What to produce: From the data underneath, reproduce exactly the stretch that begins at the line with "dj steve ft lelo kamau tryna dance" and ends after the line with "Dolský mlýn, řeka".

Task material:

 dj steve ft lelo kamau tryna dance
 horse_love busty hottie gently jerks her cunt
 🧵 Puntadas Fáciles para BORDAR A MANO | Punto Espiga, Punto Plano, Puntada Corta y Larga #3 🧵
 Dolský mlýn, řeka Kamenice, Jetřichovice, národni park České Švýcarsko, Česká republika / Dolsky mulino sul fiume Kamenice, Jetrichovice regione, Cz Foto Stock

* * *

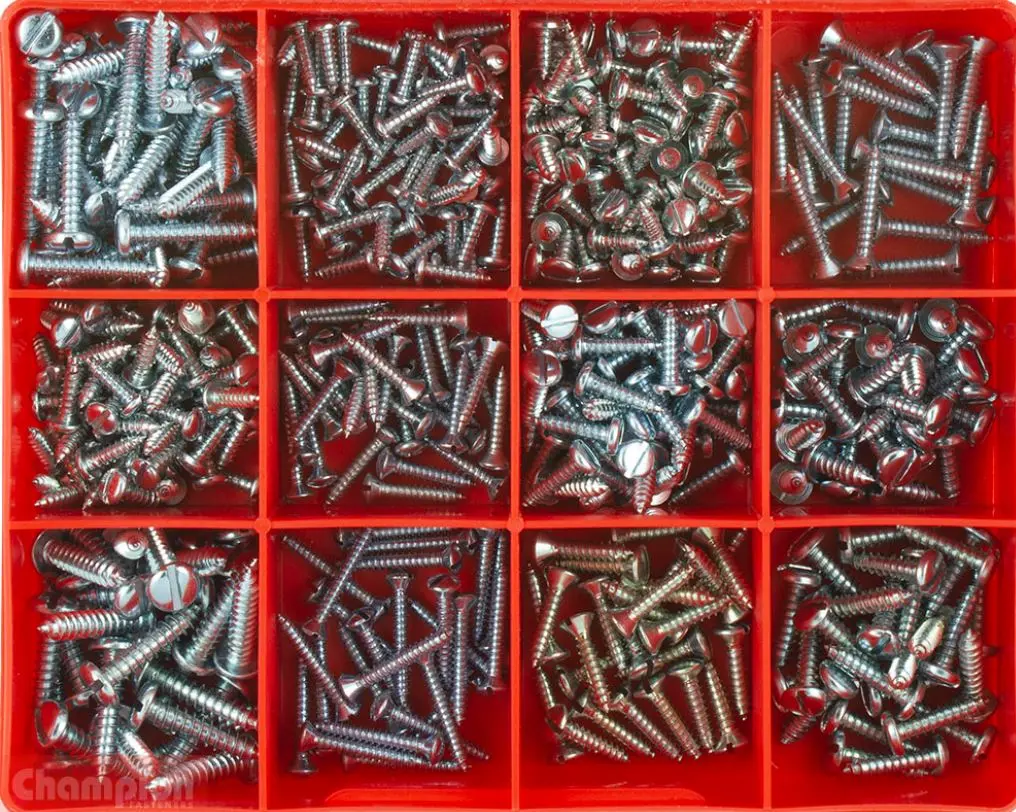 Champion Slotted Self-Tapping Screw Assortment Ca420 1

Answer space:
 dj steve ft lelo kamau tryna dance
 horse_love busty hottie gently jerks her cunt
 🧵 Puntadas Fáciles para BORDAR A MANO | Punto Espiga, Punto Plano, Puntada Corta y Larga #3 🧵
 Dolský mlýn, řeka Kamenice, Jetřichovice, národni park České Švýcarsko, Česká republika / Dolsky mulino sul fiume Kamenice, Jetrichovice regione, Cz Foto Stock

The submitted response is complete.